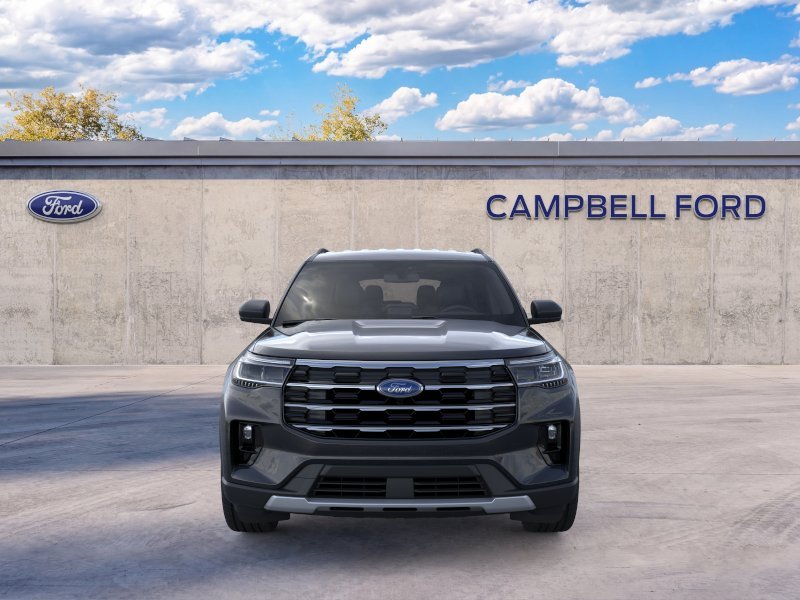 New 2026 Agate Black Metallic Ford Active image 29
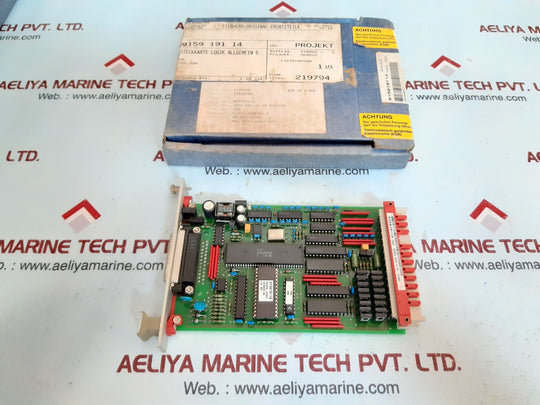 Liebherr 915919114 pcb card 66 10 229 14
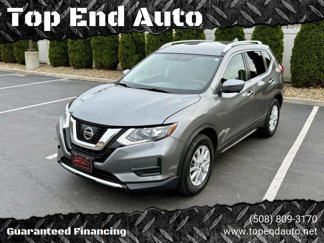 Used 2017 Nissan Rogue SV w/ SV Premium Package image 1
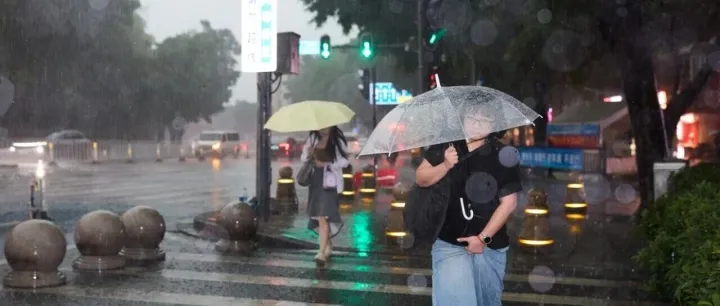 暴雨大暴雨！广东今晚将有强降水、强对流天气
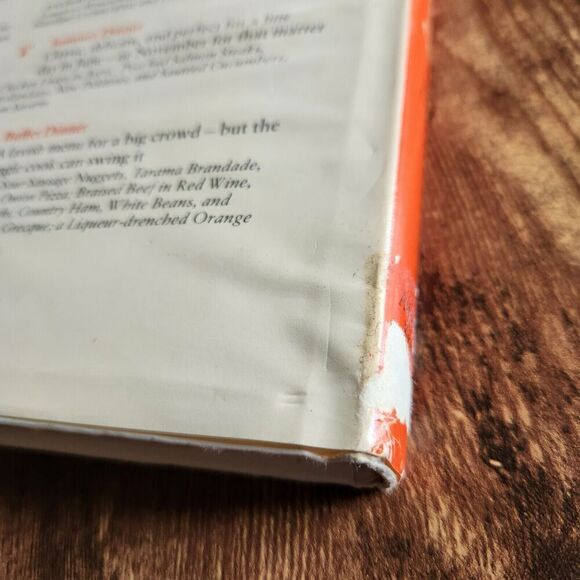 Julia Child And More Company Cookbook HB/DJ 1981 - Picture 9 of 15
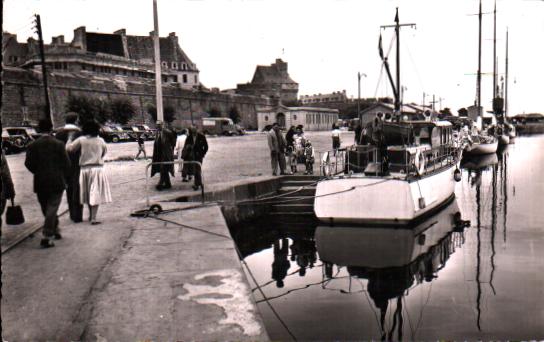 Cartes postales anciennes > CARTES POSTALES > carte postale ancienne > cartes-postales-ancienne.com Bretagne Ille et vilaine Saint Malo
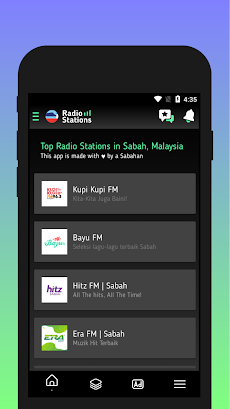 Sabah FM: Sabah Radio Stationsのおすすめ画像1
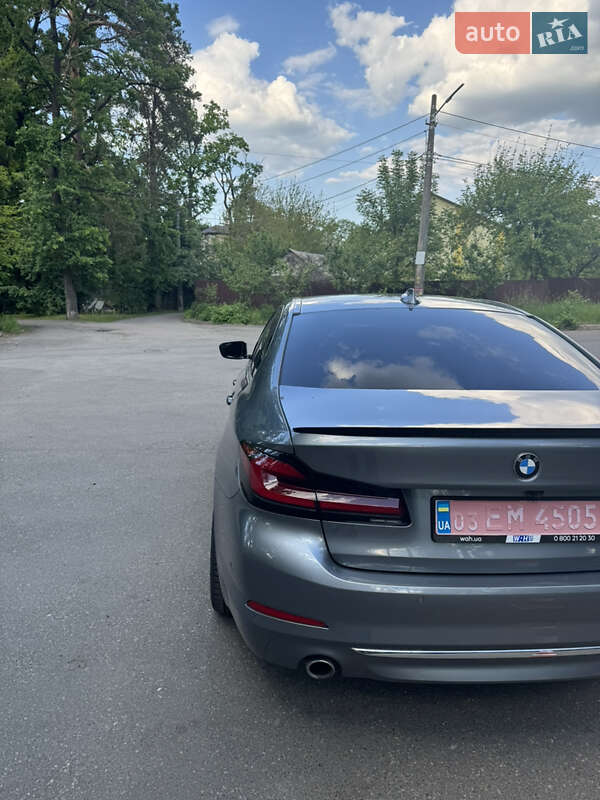 Седан BMW 5 Series 2020 в Києві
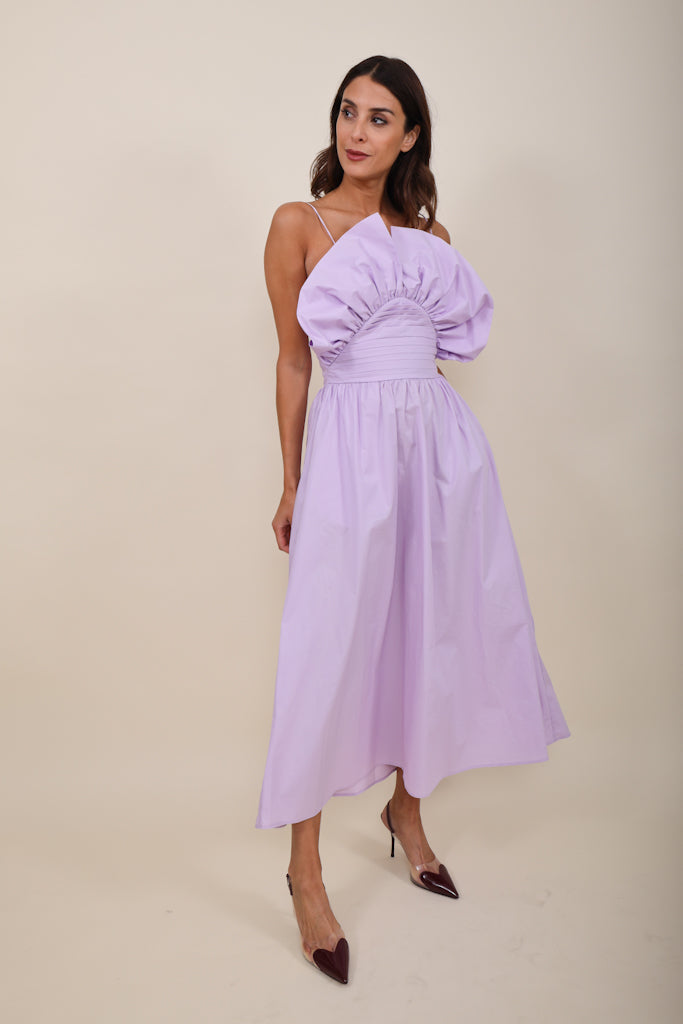 Meimeij dress lilac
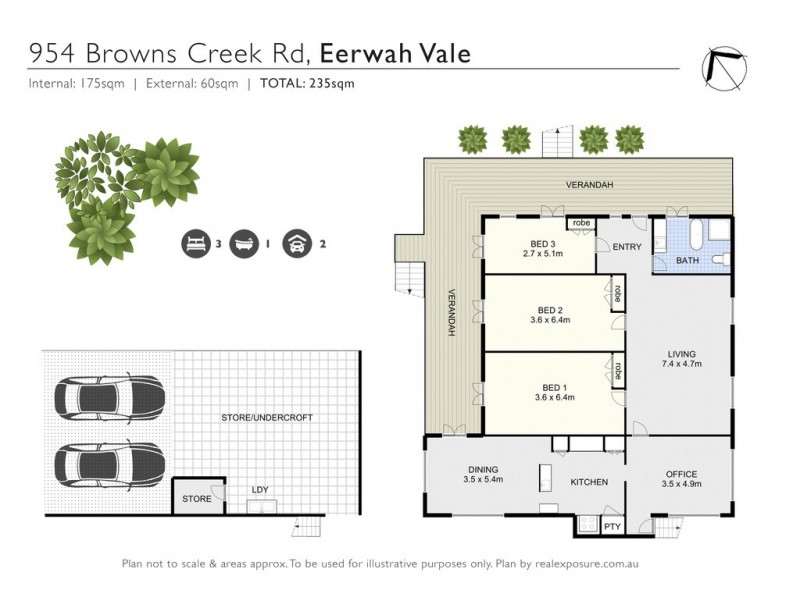 954 Browns Creek Road, Eerwah Vale QLD 4562 Floorplan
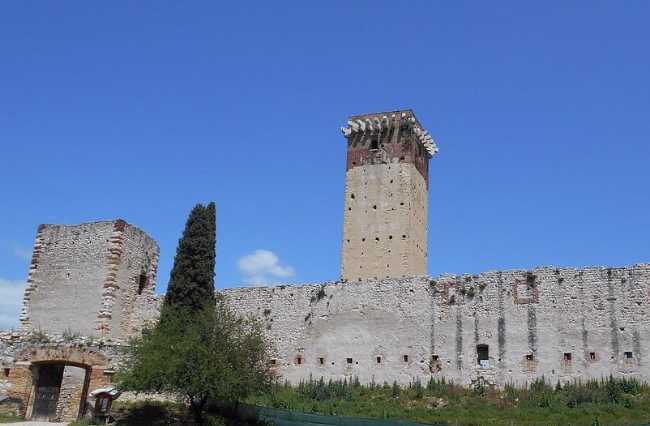 Soave Castle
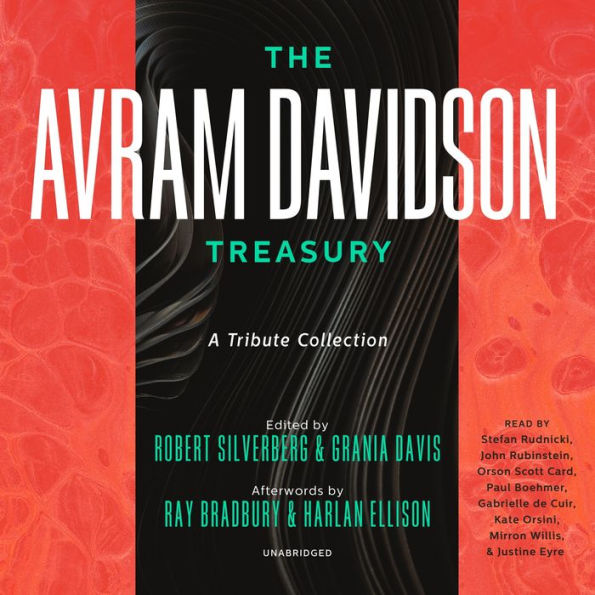 The Avram Davidson Treasury: A Tribute Collection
_ _ _ _
_What is being asked:_ Copy out the listing above exactly, and keep the pictures out of it.

_Reply to the exercise:_
 New 2026 Agate Black Metallic Ford Active image 29
 Liebherr 915919114 pcb card 66 10 229 14
 Used 2017 Nissan Rogue SV w/ SV Premium Package image 1
 暴雨大暴雨！广东今晚将有强降水、强对流天气
 Julia Child And More Company Cookbook HB/DJ 1981 - Picture 9 of 15
 Cartes postales anciennes > CARTES POSTALES > carte postale ancienne > cartes-postales-ancienne.com Bretagne Ille et vilaine Saint Malo
 Sabah FM: Sabah Radio Stationsのおすすめ画像1
 Седан BMW 5 Series 2020 в Києві
 Meimeij dress lilac
 954 Browns Creek Road, Eerwah Vale QLD 4562 Floorplan
 Soave Castle
 The Avram Davidson Treasury: A Tribute Collection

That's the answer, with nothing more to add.